▸ **What is expected**
Pictures stay out of the output. Return exactly the lines below from the one with "Speaking of French, can" down to the one with "Oh my God, can", both included, and nothing more.

===== Data for this exercise =====

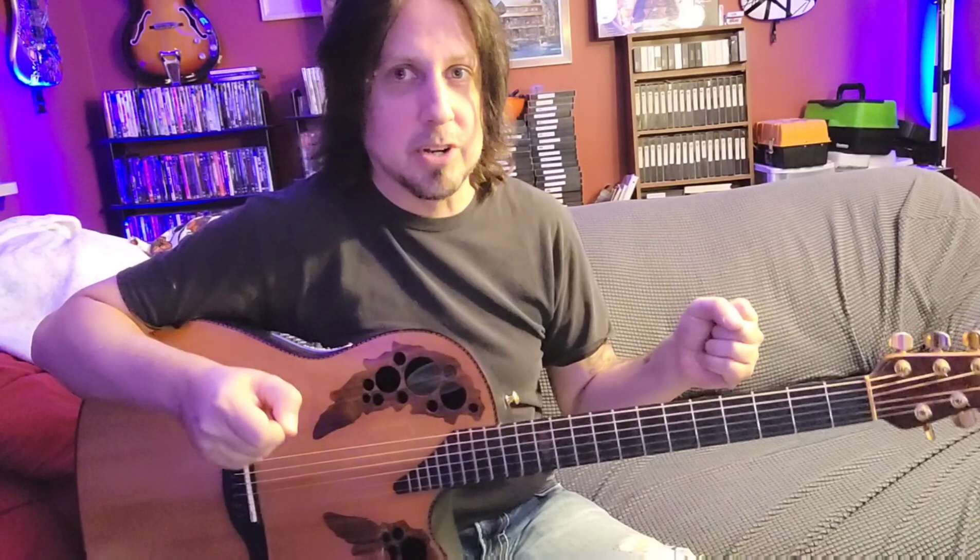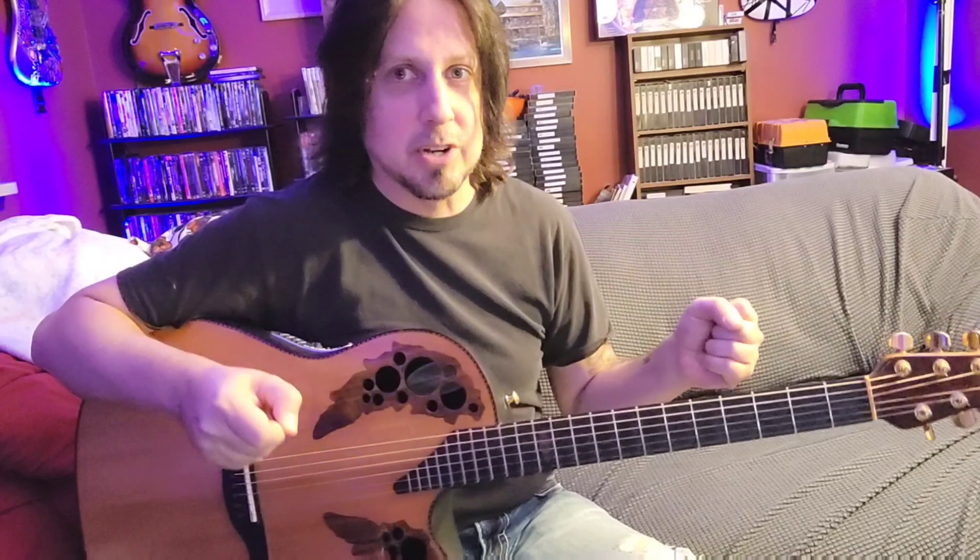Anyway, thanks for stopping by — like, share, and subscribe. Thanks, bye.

=====
===== Data for this exercise =====

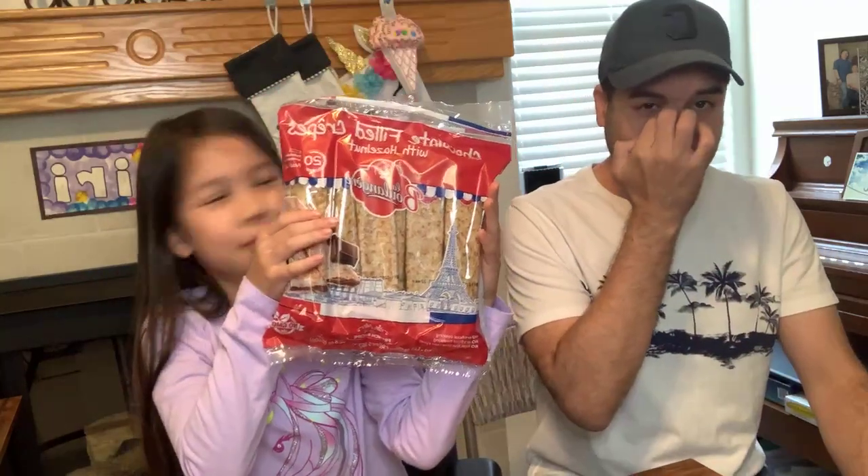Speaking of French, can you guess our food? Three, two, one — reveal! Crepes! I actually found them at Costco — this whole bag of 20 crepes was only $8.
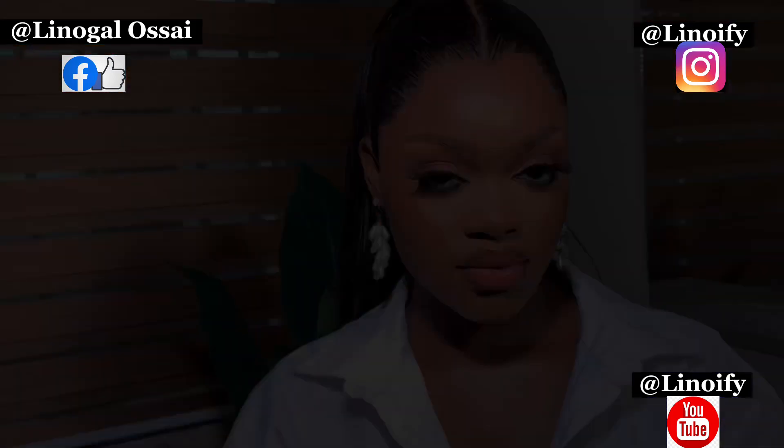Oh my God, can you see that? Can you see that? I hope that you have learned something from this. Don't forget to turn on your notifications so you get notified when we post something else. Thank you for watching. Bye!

=====
===== Data for this exercise =====

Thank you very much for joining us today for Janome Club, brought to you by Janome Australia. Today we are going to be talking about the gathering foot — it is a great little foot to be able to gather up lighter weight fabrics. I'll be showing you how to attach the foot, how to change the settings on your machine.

=====

▸ **Solution to this problem**
Speaking of French, can you guess our food? Three, two, one — reveal! Crepes! I actually found them at Costco — this whole bag of 20 crepes was only $8.
Oh my God, can you see that? Can you see that? I hope that you have learned something from this. Don't forget to turn on your notifications so you get notified when we post something else. Thank you for watching. Bye!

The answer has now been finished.